Rupert Grint and the failed tax scheme: the 'sales of occupation’ income rules
22 January 2025

We examine a case which considers the ‘sales of occupation income’ rules, and highlights the limited scope of legislation that applies only to taxpayers engaged in a profession or vocation.

Key Points

What is the issue?

Rupert Grint, an actor, sold his future earnings to a company, Clay 10, for £8.5 million, treating £4.5 million of it as capital and claiming entrepreneurs’ relief. HMRC challenged this, arguing that the transaction should be treated as income under s 778 of the Income Tax Act 2007. Grint appealed, arguing that the transaction was not for tax avoidance purposes, a key condition for the application of Chapter 4 rules.

What does it mean for me?

The First-tier Tribunal found that tax avoidance was a main object of the transaction, thus engaging Chapter 4 rules. However, the judge agreed with Grint that the value of the transaction was derived from his activities, aligning with s 779 rather than s 778. Despite this, the judge concluded that HMRC was not precluded from relying on s 779 due to the closure notice’s context.

What can I take away?

The case illustrates the importance of demonstrating non-tax purposes in transactions proposed by tax advisers. It serves as a reminder of how anti‑avoidance legislation is applied, particularly concerning the ‘main purpose’ test.


Much of the Income Tax Act 2007, Parliament might be proud to say, is perfectly normal, thank you very much. Its provisions are regularly referred to and are generally well-known, at least by the taxpayers affected by them (and their advisers). However, I would put Chapter 4 of Part 13 into a different category.

The provisions have sometimes been referred to as ‘The Beatles clause’, as they were introduced in response to tax planning arrangements that were widely thought to have been implemented by a popular beat combo of the same name that was active in the 1960s. The essence of the provisions is to ensure that income is not converted into capital and therefore subject to lower rates of tax.

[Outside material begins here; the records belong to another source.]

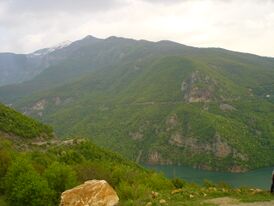 Горы Стогово у озера Дебар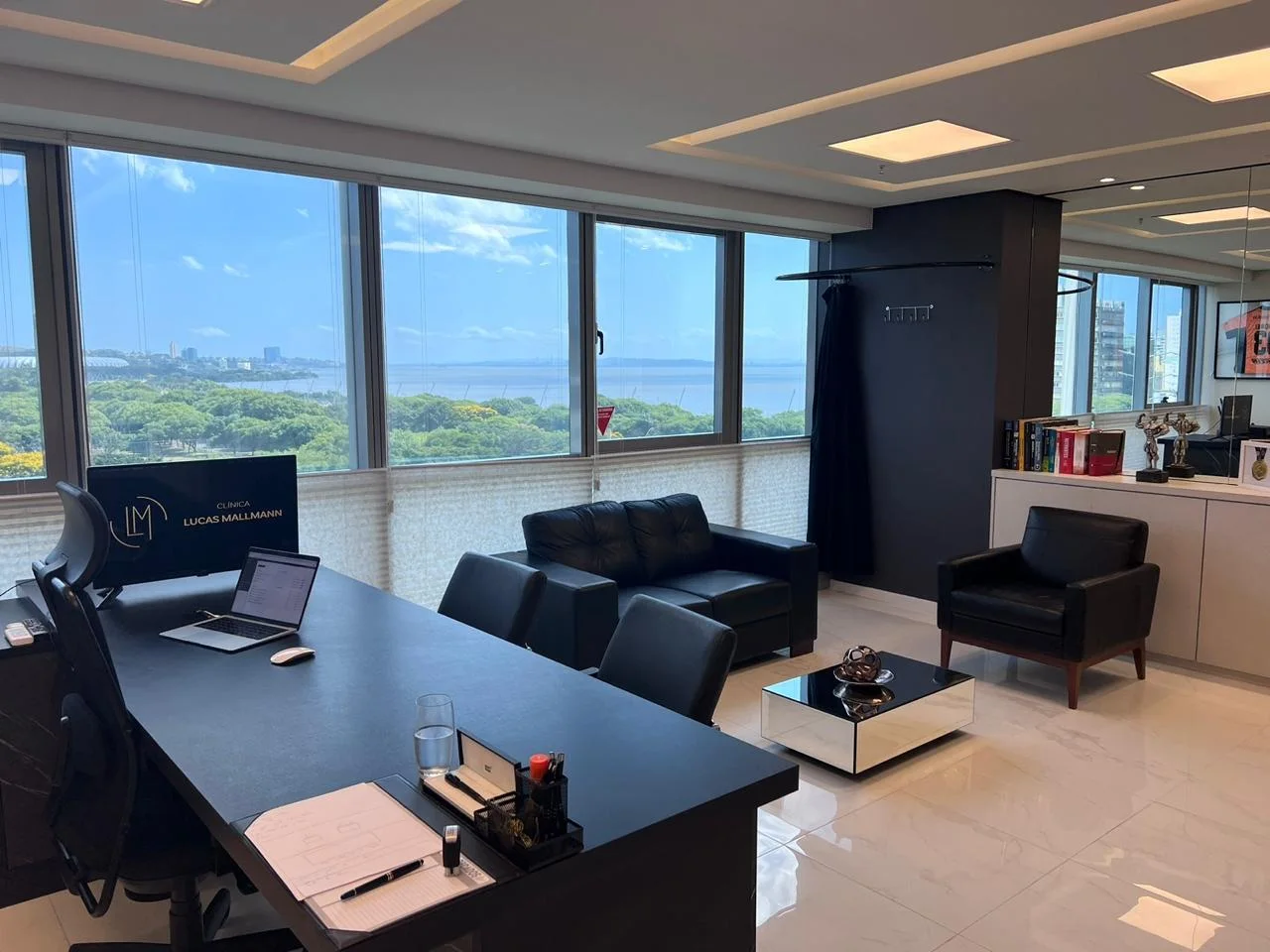 Sala de atendimento da Clínica Lucas Mallmann com vista para Porto Alegre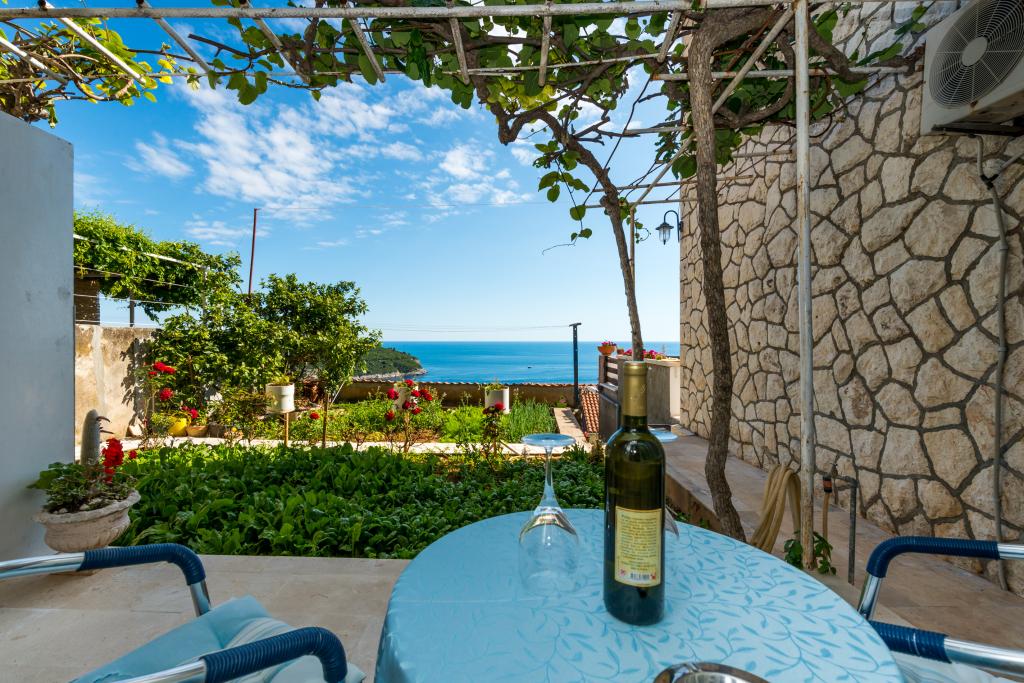 Studio Sea View with Terrace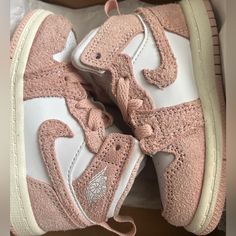 Brand New Jordan 1 Mid Se (Td) Never Been Worn Before, We’d Like To Sale Them To Someone Who Has A Little Girl Toddler And Would Like To Pair These Shoes With A Cute Outfit ! Shoes Jordan 1, Pink Jordans, Shoes Jordan, Girl Toddler, Kids Jordans, Newest Jordans, Jordan 1 Mid, Cute Outfit, Jordan Shoes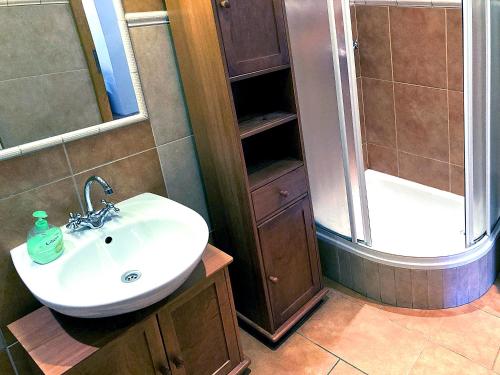 Apartmány Tonesにあるバスルーム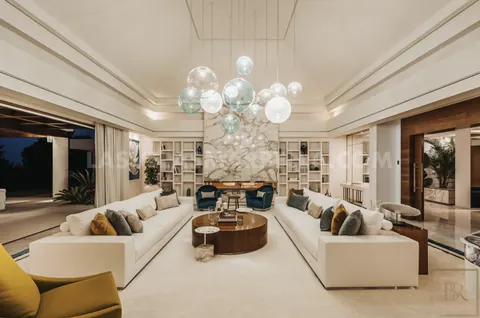 Modern Villa Panoramic View 3-level mansion, 7 bedrooms in Los Monteros Playa - Marbella exclusive for sale For Super Rich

Although one might expect Parliament to object to any taxpayer artificially converting income to capital for tax purposes, Chapter 4 has a more limited scope. In particular, it is one of the few remaining areas of the tax code which distinguishes between taxpayers who carry on a trade and those who carry on a profession or vocation; per s 774, it is only the latter category of taxpayer who is caught by the rules.

Furthermore, even without special rules, the courts have repeatedly concluded that a professional author (say) who receives a capital sum for the sale of copyright will generally be subject to income tax on the proceeds, notwithstanding the one-off nature of the disposal (see, for example, Wain’s Executors v Cameron (HM Inspector of Taxes) [1995] STC 555). That has only added to the mystique surrounding the Chapter 4 rules.

In practice, the rules have been assumed to be limited to those in the creative arts and have operated as a ‘keep off the grass’ warning to discourage such taxpayers from entering into more complex arrangements. To be fair, the warning has been largely effective, meaning a dearth of cases in which the provisions have been cited. Indeed, the first time I ever saw them cited by HMRC was about a decade ago and that was a rather desperate (and ultimately unsuccessful) attempt by HMRC to convert what was a genuine capital transaction into one that attracted income tax. However, that experience told me that HMRC had not forgotten about the rules and was perhaps planning to use the rules to challenge arrangements in other cases. And, as the case law has shown, there has since been a smattering of case law in which the Chapter 4 rules make at least a cameo appearance.

The latest such case is Rupert Grint v HMRC [2024] UKFTT 956 (TC).


The facts of the case

Mr Grint is an actor who starred in a series of high-profile films that were produced between 2001 and 2011. The nature of those engagements meant that Mr Grint was likely to receive future income arising from his earlier services, as well as the opportunity to earn further income from spin-off activities.

In October 2011, a company (‘Clay 10’) was incorporated. Shortly afterwards, Mr Grint sold to Clay 10 his rights to those future earnings for a sum of approximately £8.5 million. That sum was not paid to Mr Grint but was instead left as a debt owed to him by Clay 10.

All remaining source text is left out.